● **Working data**
□ □ □
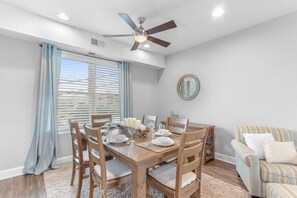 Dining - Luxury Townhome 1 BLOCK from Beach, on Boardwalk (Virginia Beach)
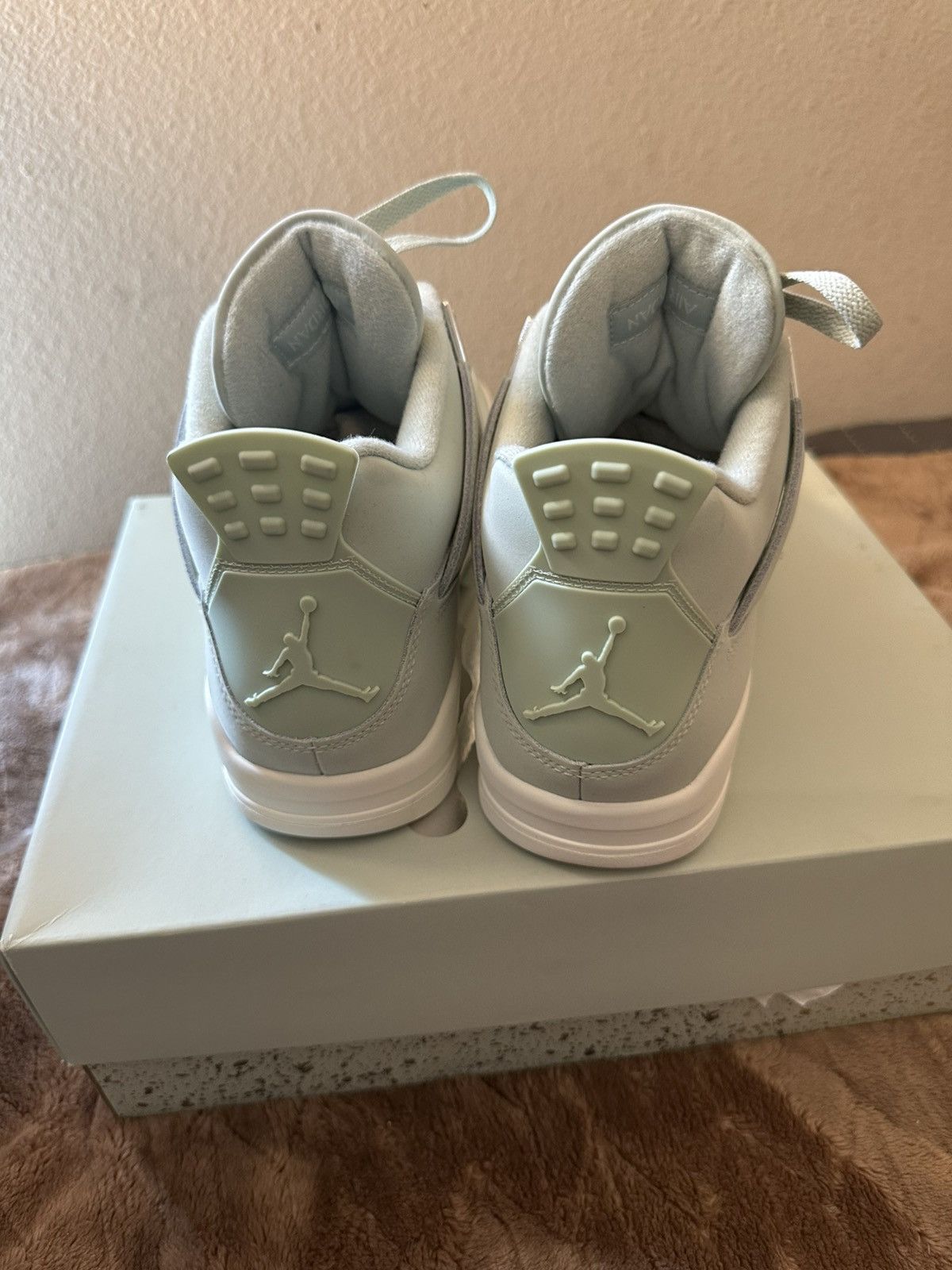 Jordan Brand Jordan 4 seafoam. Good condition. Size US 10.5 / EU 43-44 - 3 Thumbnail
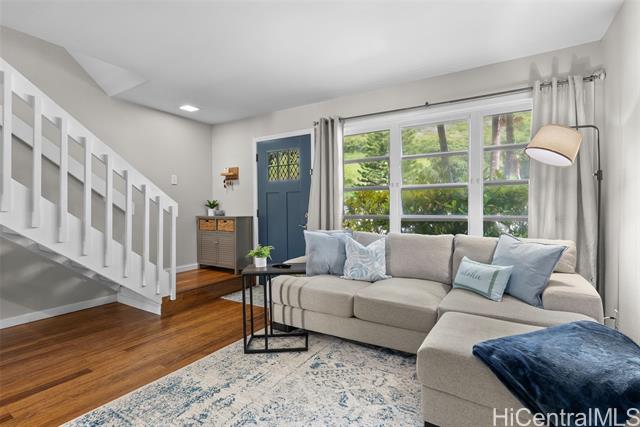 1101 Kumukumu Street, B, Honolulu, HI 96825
□ □ □
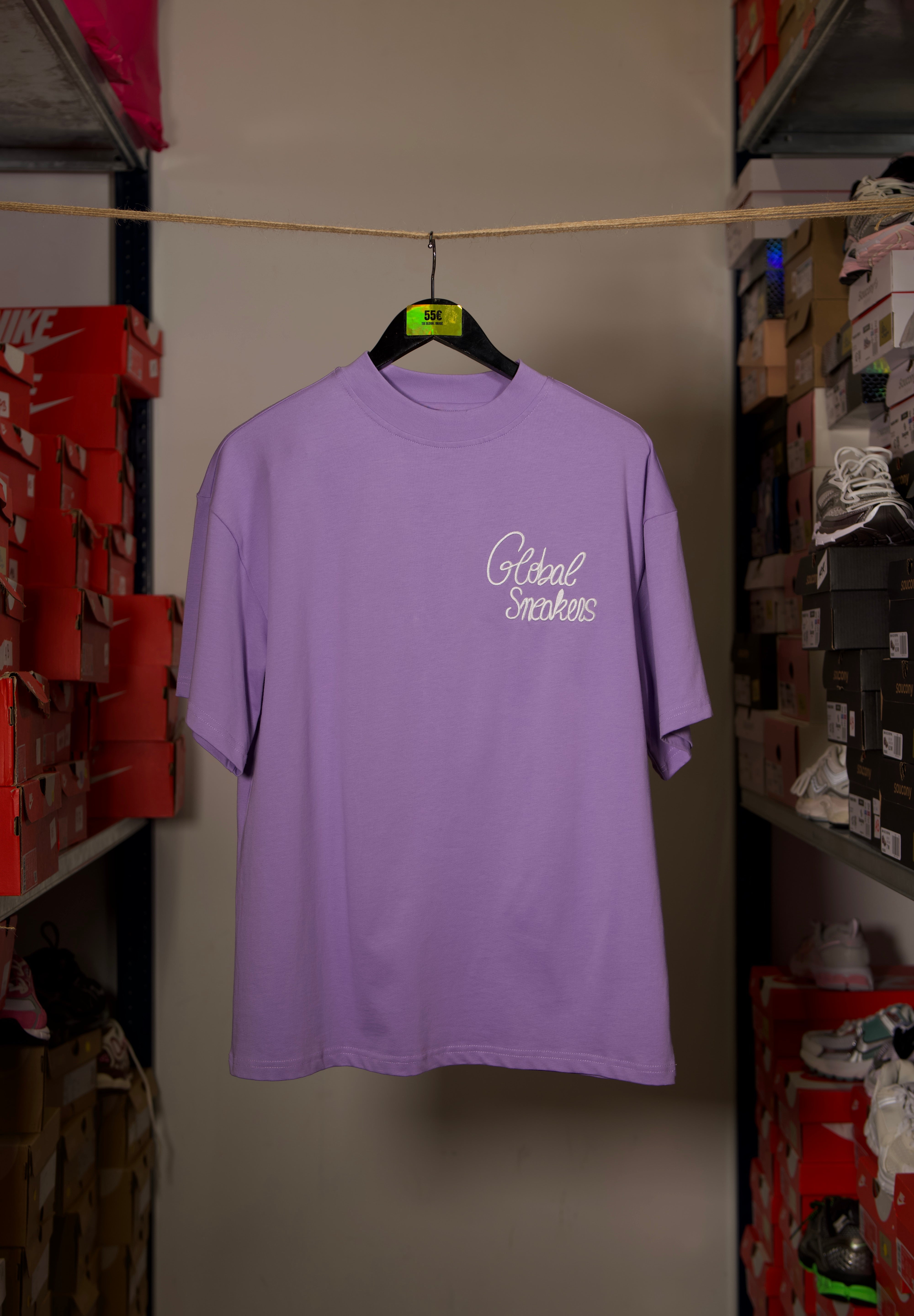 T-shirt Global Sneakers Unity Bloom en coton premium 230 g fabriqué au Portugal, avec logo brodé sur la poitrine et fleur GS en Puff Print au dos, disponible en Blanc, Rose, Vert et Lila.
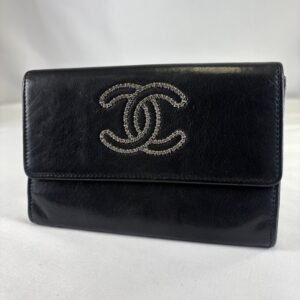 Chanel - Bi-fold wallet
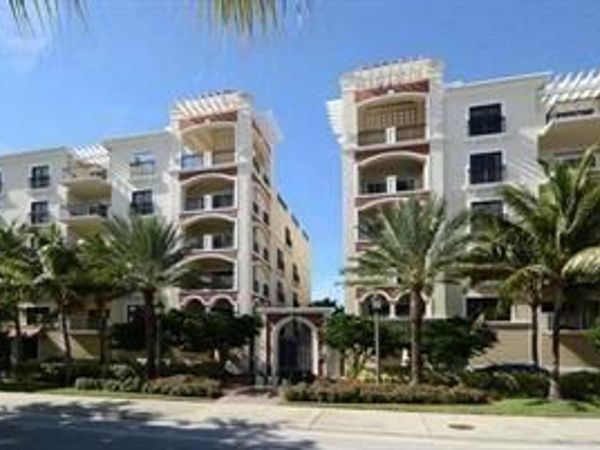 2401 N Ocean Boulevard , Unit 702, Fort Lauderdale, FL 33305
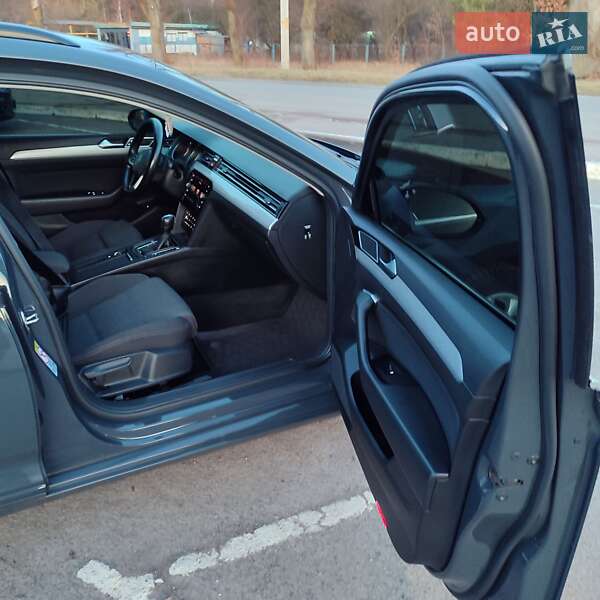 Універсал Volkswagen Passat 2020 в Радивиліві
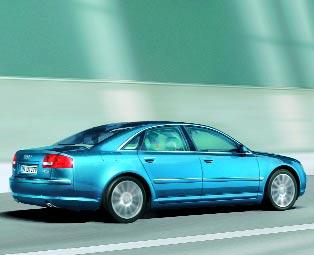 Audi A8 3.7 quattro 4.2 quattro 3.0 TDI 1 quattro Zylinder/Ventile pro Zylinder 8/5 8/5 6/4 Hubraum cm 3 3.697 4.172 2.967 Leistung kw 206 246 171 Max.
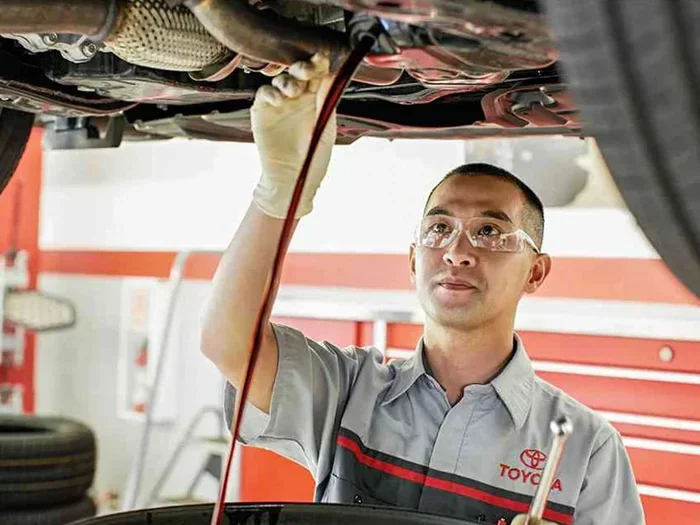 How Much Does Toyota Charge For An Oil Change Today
□ □ □
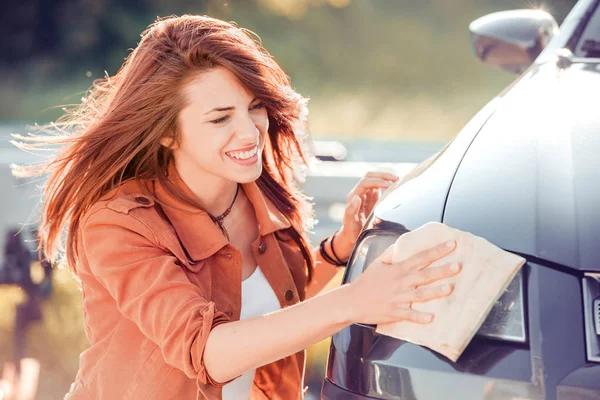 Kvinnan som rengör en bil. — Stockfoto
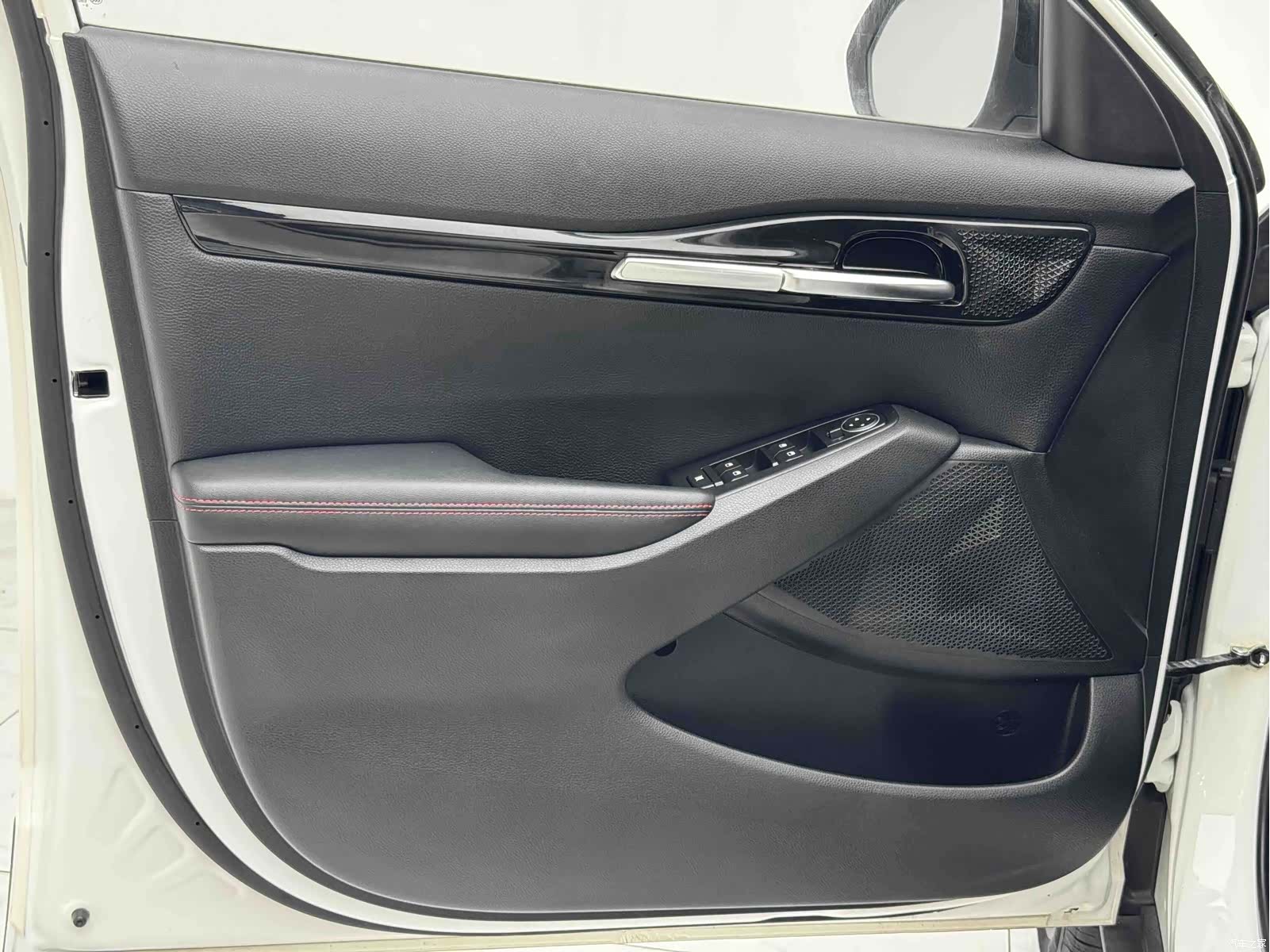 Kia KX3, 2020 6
□ □ □
Among the entries above, copy exactly the stretch from the line holding "Dining - Luxury" through the line holding "1101 Kumukumu Street, B, Honolulu, HI 96825", leaving out any pictures.

● **Written answer**
 Dining - Luxury Townhome 1 BLOCK from Beach, on Boardwalk (Virginia Beach)
 Jordan Brand Jordan 4 seafoam. Good condition. Size US 10.5 / EU 43-44 - 3 Thumbnail
 1101 Kumukumu Street, B, Honolulu, HI 96825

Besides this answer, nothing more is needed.